Every girl’s first superhero is her dad.
Trust me: I’m a recovering Daddy’s Girl. Every little girl thinks that her daddy can do anything. He can throw her up in the air and make her feel like she can fly; he knows the best magic tricks and can make anything disappear; he can give her the best, biggest hugs that make her feel like everything is right in the world.
I want my girls to have this. I want my girls to think that their daddy is the most amazing man in the whole entire world for as long as they can. I know that one day they will realize that their parents are humans: flawed and imperfect like everyone else. But I will never, ever do anything to cause these girls to have that realization before they need to. I will never tell them anything negative about you. Regardless of how things are between us, you are their daddy and I want them to believe that you are an amazing one.
Before we split up, I saw how excited they would get when you come home from work. They would run (or scoot) to the door yelling for you. Their faces would erupt into smiles that literally stretched across their entire faces. Whatever bad things happened in their day didn’t matter in that moment: their favourite superhero was home.
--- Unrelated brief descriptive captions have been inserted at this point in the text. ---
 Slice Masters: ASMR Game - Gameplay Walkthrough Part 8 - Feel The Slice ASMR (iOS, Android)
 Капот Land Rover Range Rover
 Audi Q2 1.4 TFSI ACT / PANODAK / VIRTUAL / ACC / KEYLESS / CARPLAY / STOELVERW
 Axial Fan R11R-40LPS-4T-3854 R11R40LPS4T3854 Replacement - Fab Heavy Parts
I know that things between us are not good. I know that it must hurt to have them cry and run away when you come to get them. I know that when they tell you they’d rather stay with me it must cut like a knife.
I would like to believe that at some point we can be, if not friends, friendly. I hope that we can co-parent to the very best of our ability and give these girls everything they need. I hope that we can one day do things as a family. But honestly, I don’t know the future. I don’t know what we will be like in six months, in a year, in five years. I don’t know.
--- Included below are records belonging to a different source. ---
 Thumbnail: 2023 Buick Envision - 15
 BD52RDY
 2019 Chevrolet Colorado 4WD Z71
But what I do know…is how they would light up when you got home. How they would ask about you during the day. How they yell, “HI DADDY!” if we happen to drive past your work. It doesn’t always seem like it, but these girls love you with everything they have.
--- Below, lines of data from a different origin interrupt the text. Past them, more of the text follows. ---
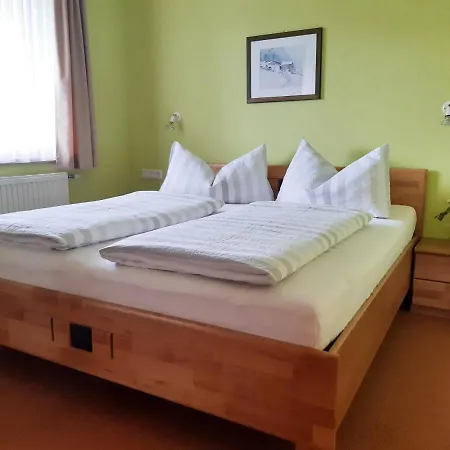 Appartementhaus St. Martin Апартаменты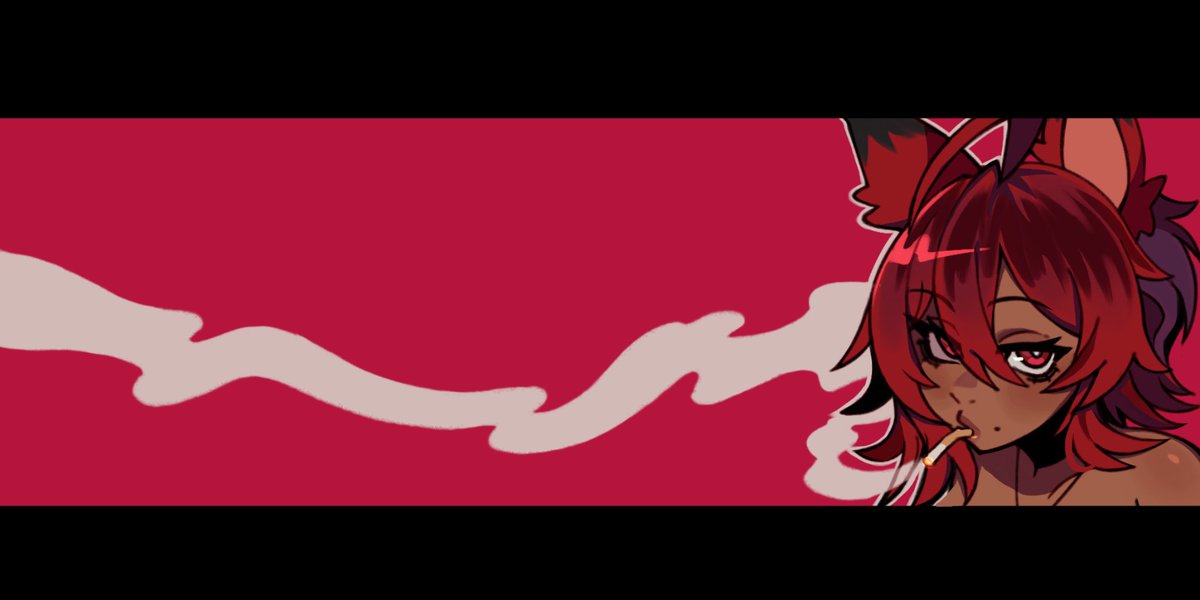 Lil discord banner comm I did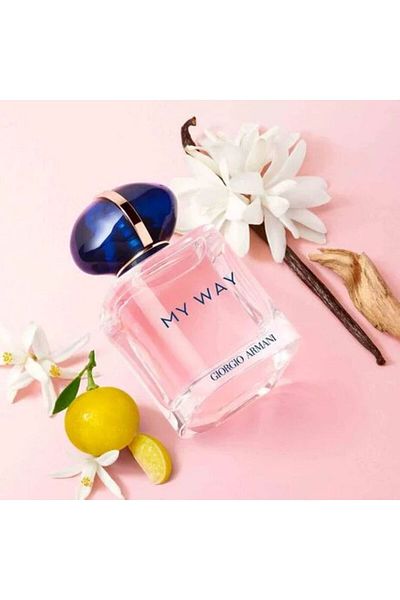 ARMAN Giorgio Armani My Way Edition Nars perfume for women - Eau de Parfum 90 ml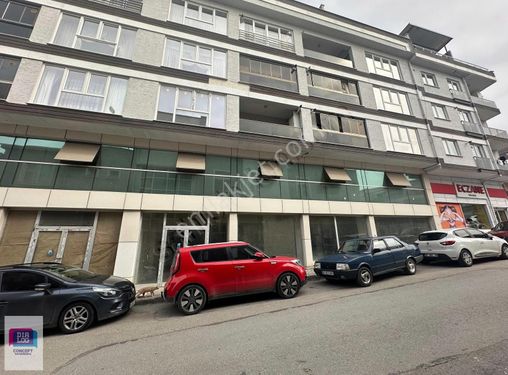 BURSA NİLÜFER DEMİRCİ'DE 600M2 KAPALI ALANA SAHİP DÜKKAN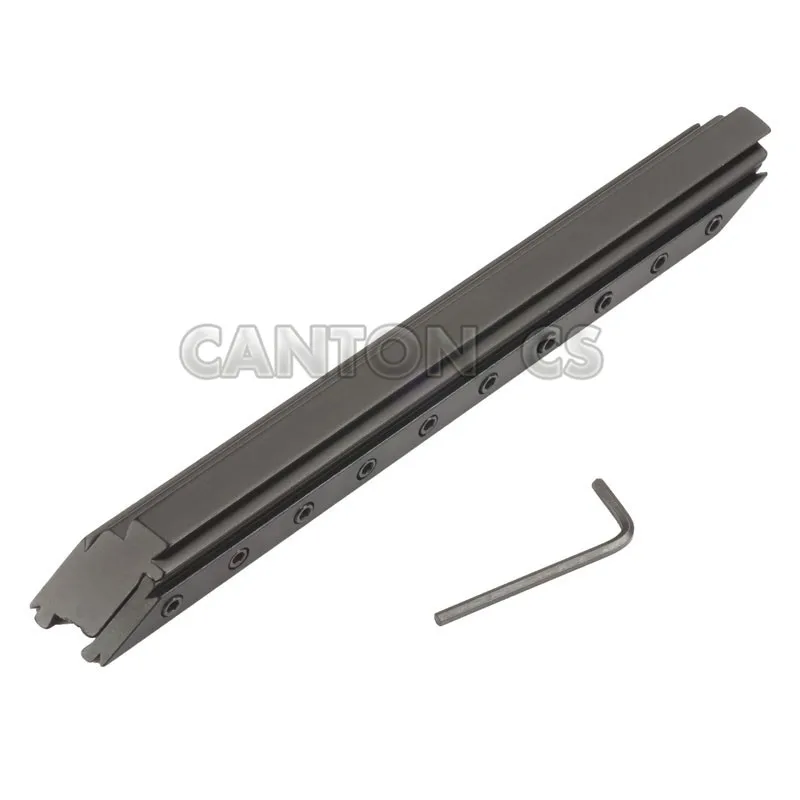 Hunting-Gun-Accessories-Tactical-Airforce-Condor-Raise-11mm-Tri-Rail-Dovetail-Rail-Mount-For-Rifle-Scope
I promise you that I will do everything I can to preserve that love, to nourish it, to expand upon it. I will speak about you in only positive ways. When you are not around, I will tell them how much you love them. I will give them hugs, and kisses, and snuggles from daddy. They will never, ever doubt your love for them.
As they grow older and start to ask questions, I will not answer maliciously. I will answer with honesty and respect. I will answer so that they know that we did love each other, so very much. And that out of that love came two amazing little girls. No matter where our lives take us, we are still a family. Nothing can ever, or will ever change that.
I know that I hurt you. Please know that it hurt me too, to leave behind our life and everything that I’d envisioned for our future. Know that I did what was best for both of us. Maybe you can’t see that yet, but hopefully one day you will. Know that none of this has been easy for me. But most of all, know that I will honour and cherish your relationship with these girls. Because at the end of the day, these wondrous creatures are the only thing that matters.